A avaliação das 36 cidades foi feita a nível nacional por várias associações, junto de administrações municipais e outros organismos públicos. No caso de Lisboa tratou-se de uma ação coordenada pela Zero, em colaboração com a Kidical Mass, Ecomood e Lisboa Possível.

Em síntese, o relatório evidencia que Lisboa está significativamente atrás das principais cidades europeias no que respeita à mobilidade urbana amiga das crianças, destacando a ausência de ruas escolares, a reduzida implementação de limites de velocidade seguros e a escassa infraestrutura ciclável protegida.

Recomendações 

  1. Legislação Local Proativa: Os Municípios devem regulamentar ruas escolares e zonas 30 km/h, aproveitando a autonomia conferida pelo regime jurídico da mobilidade suave (Lei n.º 99/2019);
  2. Participação Comunitária: Envolver pais, escolas e crianças no desenho de projetos, replicando o modelo de orçamento participativo de Lisboa;
  3. Dados Abertos: Publicar estatísticas detalhadas sobre acidentes envolvendo crianças, permitindo intervenções precisas;
  4. Campanhas de Sensibilização: Utilizar influencers locais e escolas para normalizar deslocações e pé e de bicicleta, tal como feito na campanha À Escola com Energia do Porto.

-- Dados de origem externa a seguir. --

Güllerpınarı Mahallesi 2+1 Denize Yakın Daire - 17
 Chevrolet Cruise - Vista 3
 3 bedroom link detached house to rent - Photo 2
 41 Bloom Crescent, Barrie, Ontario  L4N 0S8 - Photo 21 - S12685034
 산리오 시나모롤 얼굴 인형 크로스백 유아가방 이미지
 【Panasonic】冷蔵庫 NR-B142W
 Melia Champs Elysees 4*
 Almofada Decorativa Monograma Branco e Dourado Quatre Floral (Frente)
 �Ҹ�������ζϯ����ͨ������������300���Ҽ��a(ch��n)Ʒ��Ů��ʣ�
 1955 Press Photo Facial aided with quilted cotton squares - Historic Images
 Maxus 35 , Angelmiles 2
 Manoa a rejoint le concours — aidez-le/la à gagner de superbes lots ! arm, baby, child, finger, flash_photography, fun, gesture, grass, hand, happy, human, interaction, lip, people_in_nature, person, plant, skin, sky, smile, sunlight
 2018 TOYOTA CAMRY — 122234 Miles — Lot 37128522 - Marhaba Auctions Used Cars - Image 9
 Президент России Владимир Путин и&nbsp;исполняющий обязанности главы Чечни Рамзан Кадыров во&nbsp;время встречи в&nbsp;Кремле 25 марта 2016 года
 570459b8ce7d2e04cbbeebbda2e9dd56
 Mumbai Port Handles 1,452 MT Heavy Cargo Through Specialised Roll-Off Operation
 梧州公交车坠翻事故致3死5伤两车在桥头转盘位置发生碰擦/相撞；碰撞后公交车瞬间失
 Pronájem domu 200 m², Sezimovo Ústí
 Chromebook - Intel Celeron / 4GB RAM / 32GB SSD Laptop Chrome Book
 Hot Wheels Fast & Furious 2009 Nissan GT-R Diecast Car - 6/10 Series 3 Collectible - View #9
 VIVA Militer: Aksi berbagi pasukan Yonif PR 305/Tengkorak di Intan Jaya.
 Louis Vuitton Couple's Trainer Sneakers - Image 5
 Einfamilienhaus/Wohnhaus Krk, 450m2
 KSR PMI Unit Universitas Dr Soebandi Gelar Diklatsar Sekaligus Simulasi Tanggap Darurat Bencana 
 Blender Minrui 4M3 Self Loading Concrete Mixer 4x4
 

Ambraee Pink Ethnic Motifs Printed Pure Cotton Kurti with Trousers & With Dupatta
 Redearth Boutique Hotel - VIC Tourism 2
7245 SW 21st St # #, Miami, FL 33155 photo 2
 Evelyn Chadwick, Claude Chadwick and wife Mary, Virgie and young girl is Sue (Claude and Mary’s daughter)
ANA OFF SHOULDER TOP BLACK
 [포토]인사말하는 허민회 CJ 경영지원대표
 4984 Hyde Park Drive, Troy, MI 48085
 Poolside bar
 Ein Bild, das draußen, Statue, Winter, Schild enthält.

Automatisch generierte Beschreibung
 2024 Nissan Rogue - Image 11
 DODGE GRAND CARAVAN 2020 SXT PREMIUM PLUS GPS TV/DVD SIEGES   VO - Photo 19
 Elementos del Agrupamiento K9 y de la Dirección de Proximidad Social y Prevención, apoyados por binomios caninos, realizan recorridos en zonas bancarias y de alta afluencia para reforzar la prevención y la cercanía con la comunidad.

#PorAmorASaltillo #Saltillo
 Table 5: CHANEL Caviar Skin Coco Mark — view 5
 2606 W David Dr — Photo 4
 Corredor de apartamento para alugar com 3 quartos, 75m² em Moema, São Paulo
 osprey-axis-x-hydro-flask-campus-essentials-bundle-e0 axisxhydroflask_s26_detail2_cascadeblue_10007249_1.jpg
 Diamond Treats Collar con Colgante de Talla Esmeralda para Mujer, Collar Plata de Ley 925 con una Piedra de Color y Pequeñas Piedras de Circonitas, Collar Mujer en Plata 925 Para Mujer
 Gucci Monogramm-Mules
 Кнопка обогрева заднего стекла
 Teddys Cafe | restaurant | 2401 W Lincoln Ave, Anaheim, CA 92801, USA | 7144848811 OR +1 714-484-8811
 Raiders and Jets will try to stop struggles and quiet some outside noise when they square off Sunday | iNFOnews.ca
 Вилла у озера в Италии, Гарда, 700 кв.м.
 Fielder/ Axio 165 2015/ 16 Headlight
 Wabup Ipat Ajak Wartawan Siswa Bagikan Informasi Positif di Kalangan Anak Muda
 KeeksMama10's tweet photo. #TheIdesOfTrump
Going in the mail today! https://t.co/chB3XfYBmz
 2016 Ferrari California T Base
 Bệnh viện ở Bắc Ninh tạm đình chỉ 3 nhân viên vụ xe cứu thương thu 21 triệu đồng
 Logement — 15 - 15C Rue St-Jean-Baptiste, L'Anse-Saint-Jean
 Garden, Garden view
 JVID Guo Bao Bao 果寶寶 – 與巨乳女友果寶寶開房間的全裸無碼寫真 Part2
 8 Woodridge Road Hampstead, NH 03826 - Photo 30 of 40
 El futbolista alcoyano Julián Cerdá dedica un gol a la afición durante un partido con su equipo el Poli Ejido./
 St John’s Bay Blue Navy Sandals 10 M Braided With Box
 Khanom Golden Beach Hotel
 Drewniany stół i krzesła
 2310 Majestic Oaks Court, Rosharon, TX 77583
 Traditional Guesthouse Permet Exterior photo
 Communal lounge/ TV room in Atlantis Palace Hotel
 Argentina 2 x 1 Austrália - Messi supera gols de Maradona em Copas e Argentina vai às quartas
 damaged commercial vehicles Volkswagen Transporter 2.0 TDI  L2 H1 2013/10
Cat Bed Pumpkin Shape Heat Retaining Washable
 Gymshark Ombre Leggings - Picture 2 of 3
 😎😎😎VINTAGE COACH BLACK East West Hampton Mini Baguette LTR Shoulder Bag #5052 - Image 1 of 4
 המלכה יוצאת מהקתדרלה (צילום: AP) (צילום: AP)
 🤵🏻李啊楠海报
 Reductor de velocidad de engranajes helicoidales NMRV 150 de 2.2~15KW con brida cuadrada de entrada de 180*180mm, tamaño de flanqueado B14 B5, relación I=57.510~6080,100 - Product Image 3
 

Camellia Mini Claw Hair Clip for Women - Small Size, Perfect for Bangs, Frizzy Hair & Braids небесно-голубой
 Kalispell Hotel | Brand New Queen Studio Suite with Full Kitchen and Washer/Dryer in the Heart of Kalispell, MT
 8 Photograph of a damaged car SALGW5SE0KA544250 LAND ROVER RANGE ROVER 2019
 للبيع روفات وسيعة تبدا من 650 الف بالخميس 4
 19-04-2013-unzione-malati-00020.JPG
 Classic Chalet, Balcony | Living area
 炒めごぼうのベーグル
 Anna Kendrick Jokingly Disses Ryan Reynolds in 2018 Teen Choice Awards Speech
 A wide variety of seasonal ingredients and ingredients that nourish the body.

Conclusão: Construir Cidades para as Crianças é Investir no Futuro de Todos

As cidades que lideram o ranking europeu demonstram que segurança rodoviária infantil não é um custo, mas um investimento em saúde pública, coesão social e sustentabilidade. Portugal tem oportunidade única de aprender com estes casos, adaptando soluções às suas particularidades geográficas e culturais. Ao prioritizar ruas escolares, velocidades seguras e ciclovias protegidas, os municípios não só protegerão os mais jovens como criarão ambientes urbanos mais resilientes e inclusivos para todas as gerações.

A mudança exige coragem política e participação cívica, mas os benefícios — vidas salvas, ar mais limpo, comunidades ativas— são incomensuráveis. Que as lições de Paris, Helsínquia e Londres inspirem uma nova era de planeamento urbano em Portugal, onde cada criança possa crescer com segurança e liberdade.